*Brief*
An exact copy of every entry is needed, with no images.

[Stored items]
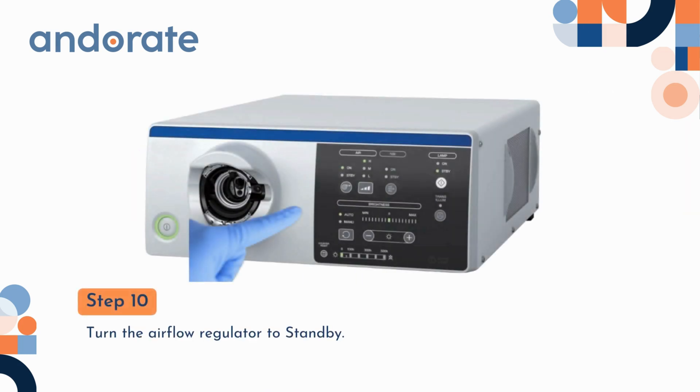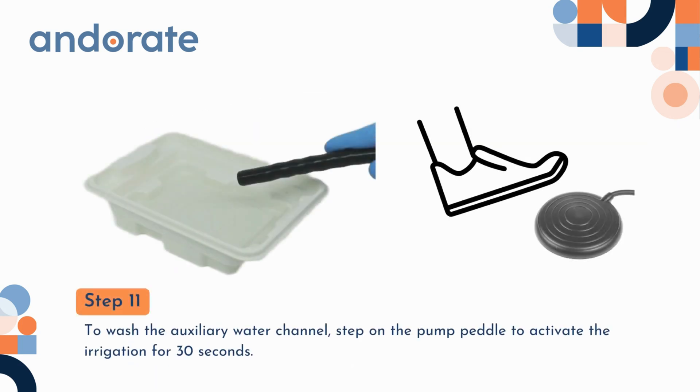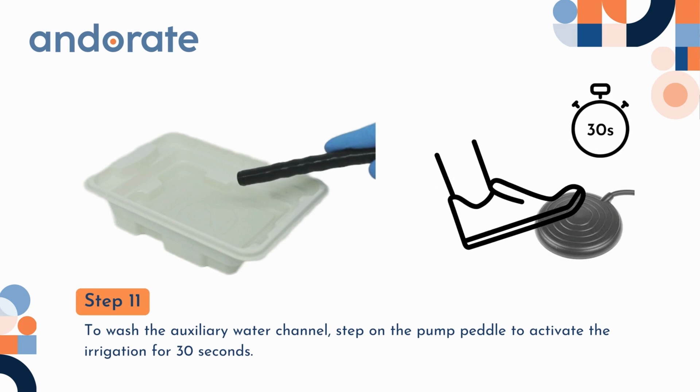Step 10. Turn the airflow regulator to standby. Step 11. To wash the auxiliary water channel, step on the pump pedal to activate the irrigation for 30 seconds.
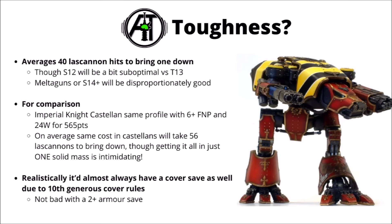For comparison, the Imperial Knight Castellan has pretty much the same defensive profile: Toughness 13, a 2+ save, and a 5+ invulnerable against ranged, giving 24 wounds with a feel-no-pain for 565 points. The Knights are quite a lot more durable per point — it takes 56 Lascannons to take down the equivalent cost in those guys. That said, having all the defence consolidated in one mass is intimidating; the firepower that might take down a standard Imperial Knight wouldn't stop the Warhound from functioning at all. Against lower AP fire, it might well get a cover save too, potentially saving on a 4+ rather than a 5+.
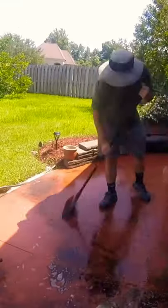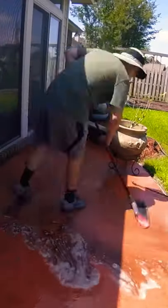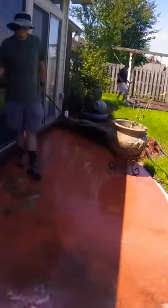I then used the bristles on a broom to agitate the concrete. After that, I rinsed with a hose. Just be sure to apply water to the grass and surrounding vegetation before and after the cleaning so they aren't affected by the cleaning solution.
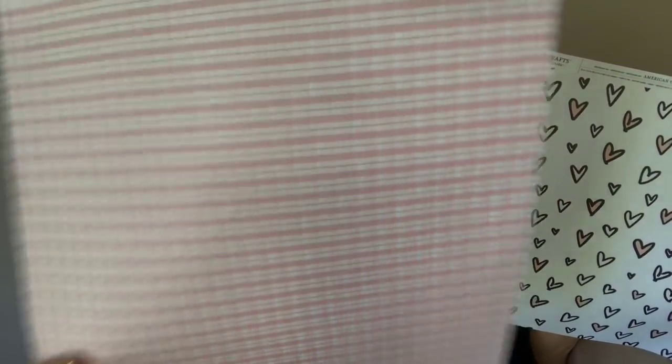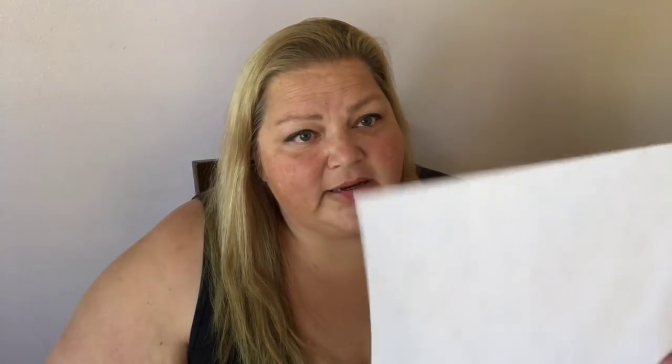For a DIY project coming up probably tomorrow, I picked up these two little sheets of paper and they're really cute. They're nothing like designer series paper, I have to admit that, but I needed the paper. It's not double-sided, but it's okay — this will be really cute. I love the two designs and I'm really happy with what I'm going to be making, so that worked out perfectly.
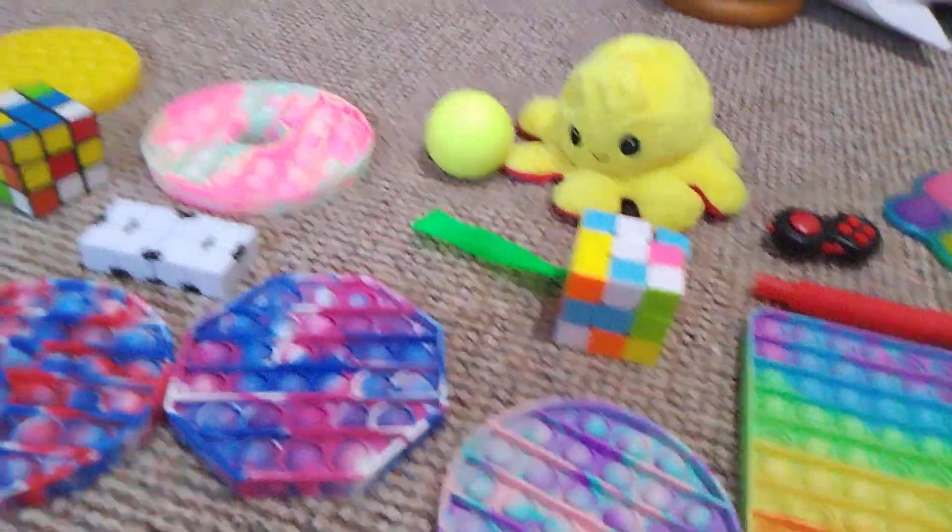Sorry about that guys — I am still decorating the lid. Whenever I get a new fidget box I'm going to decorate the lid. Yeah, I need to finish decorating the lid; it's going to take a while because it looks really good. I won't show you it just yet.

*Solution for this task*
Step 10. Turn the airflow regulator to standby. Step 11. To wash the auxiliary water channel, step on the pump pedal to activate the irrigation for 30 seconds.
For comparison, the Imperial Knight Castellan has pretty much the same defensive profile: Toughness 13, a 2+ save, and a 5+ invulnerable against ranged, giving 24 wounds with a feel-no-pain for 565 points. The Knights are quite a lot more durable per point — it takes 56 Lascannons to take down the equivalent cost in those guys. That said, having all the defence consolidated in one mass is intimidating; the firepower that might take down a standard Imperial Knight wouldn't stop the Warhound from functioning at all. Against lower AP fire, it might well get a cover save too, potentially saving on a 4+ rather than a 5+.
I then used the bristles on a broom to agitate the concrete. After that, I rinsed with a hose. Just be sure to apply water to the grass and surrounding vegetation before and after the cleaning so they aren't affected by the cleaning solution.
For a DIY project coming up probably tomorrow, I picked up these two little sheets of paper and they're really cute. They're nothing like designer series paper, I have to admit that, but I needed the paper. It's not double-sided, but it's okay — this will be really cute. I love the two designs and I'm really happy with what I'm going to be making, so that worked out perfectly.
Sorry about that guys — I am still decorating the lid. Whenever I get a new fidget box I'm going to decorate the lid. Yeah, I need to finish decorating the lid; it's going to take a while because it looks really good. I won't show you it just yet.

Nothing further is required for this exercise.